Virtue is what the culture needs. It’s all in Plato. What has happened to the moral and religious standard? It has been scourged from schools and seemingly governments.
What are these virtues that are trampled upon? The classic cardinal virtues even the Greeks recognized: prudence, justice, temperance, and fortitude. But also Truth, Goodness, and Beauty. Later, faith, hope, and love were added from Christianity.
Today’s culture needs a good dose of all ten of these.
Prudence: Many look upon prudence as cleverness. How to get away with something. Crafty mischievous mind—utilitarianism is one of the skewed versions. But the original intent is wisdom. Wisdom is what the philosophers sought in asking question after question. Wisdom is the sought after quality spoken in the Old Testament—in how to live rightly—it is akin to morality. It is embodied in Christ.
Justice: Fair-mindedness some call it. It is relations between individuals, the social whole to one another, and individuals to the whole. Justice is again conjoined to morality. It is not whatever “I claim as right, is what I should get.”
Temperance: Some see this as tee-totaling, abstaining from something no matter what—like straight-edge, a phenomenon in the 1990s. Abstaining for its own sake is as poor as indulging. In a sense, it is knowing ones limits, but more so, it is conjoined to morality. Chastity is part of temperance. Chastity is not abstaining from sexual intercourse altogether, but in the right, moral confines of what God has ordered--in context of marriage. Temperance does not call evil that which God has made good, it is self-control, not in one’s own appetites, but in knowing when to enjoy according to God’s order. (Though there are many things in which humans must not indulge in). Again temperance is attached to wisdom; always coming back to morality—God’s order, not rules.

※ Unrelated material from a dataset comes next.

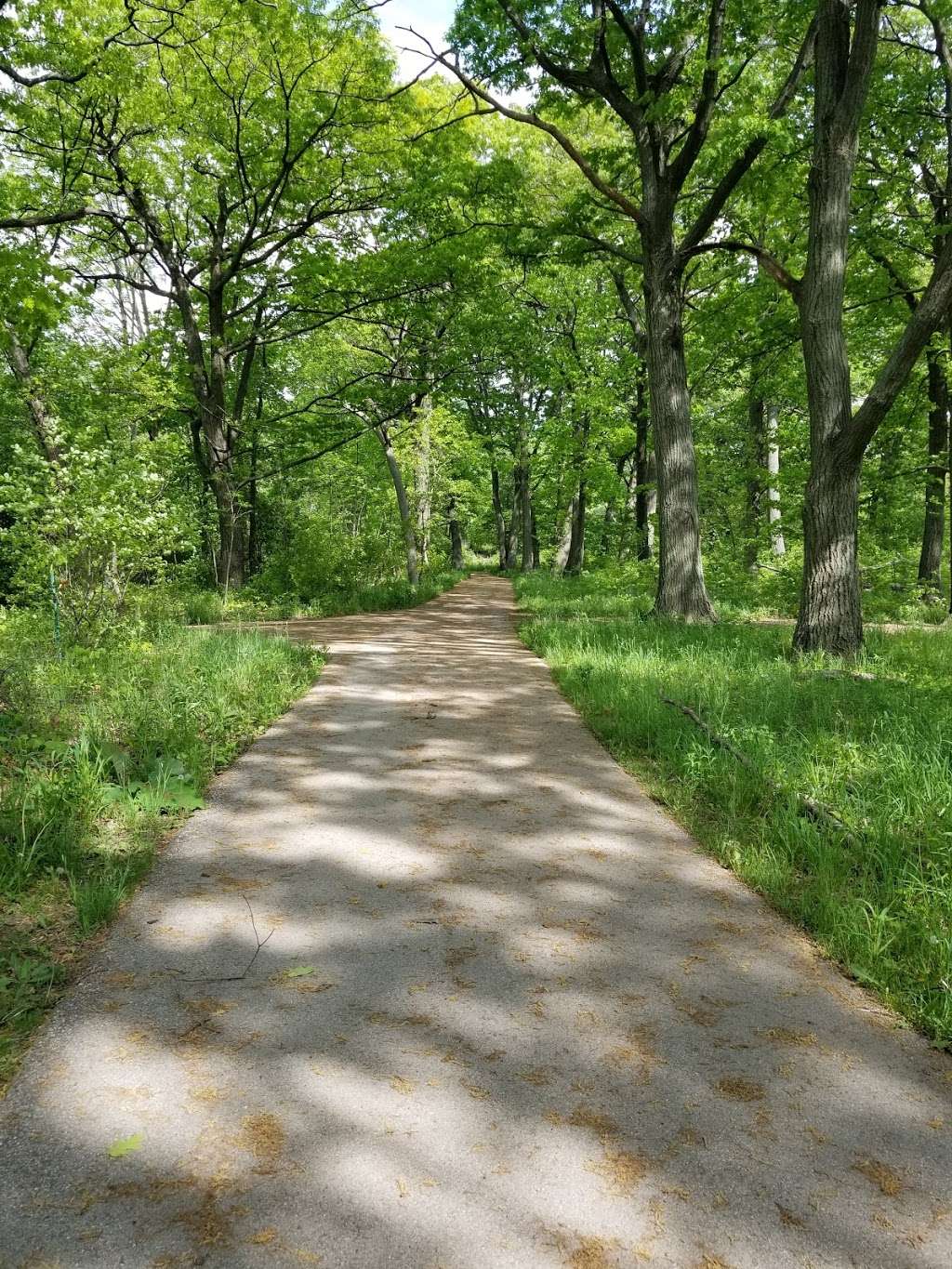 Riverside Park | 1500 E Riverside Pl, Milwaukee, WI 53211, USA | Phone: (414) 962-8809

Fortitude: This is courage. Courage that is given from the Creator of the moral law. Courage to stand and believe and die for the one who has created. Courage is forbearance in the hardships of life, yet still trusting and loving.
Truth: In the classical sense, truth is not relative. It is an absolute coupled with fact. In the Christian sense it is Christ. All falsity withers and cowers before truth.
Goodness: Recognition of good is usually difficult to miss. Goodness is an attribute of God. Goodness holds a weight and a quality. One recognizes a quality product versus a poorly made one. But this is only a shadow. Goodness is virtuous, moral, loving, kind, not necessarily tame. Goodness is akin to a king who may be stern, but everything he does, he does for his kingdom—for his people.
Beauty: This is not necessarily tasteful to the eye. They say beauty is in the eye of the beholder. Yet, beauty also has a weight, a quality to it, a goodness. Although beauty in itself may not be benevolent in itself—if one thinks of a false angel. Beauty’s purpose is to draw one to God. In fact, all the previous virtues are to do the same.
All virtue is wrapped in faith, hope, and love. The greatest being love. Without love, all virtue is pointless. To love (agape) embodies all virtue. It is in faith that Jesus Christ is who He claims to be—the Son of God. It is in hope that all will one day be better than things currently are. These drive our loves (agape, philia). Faith, hope, and love allow us to be temperate, courageous, wise, just. It is what helps us recognize truth, beauty, and goodness. Let us remember our first love, and all these things will be given us.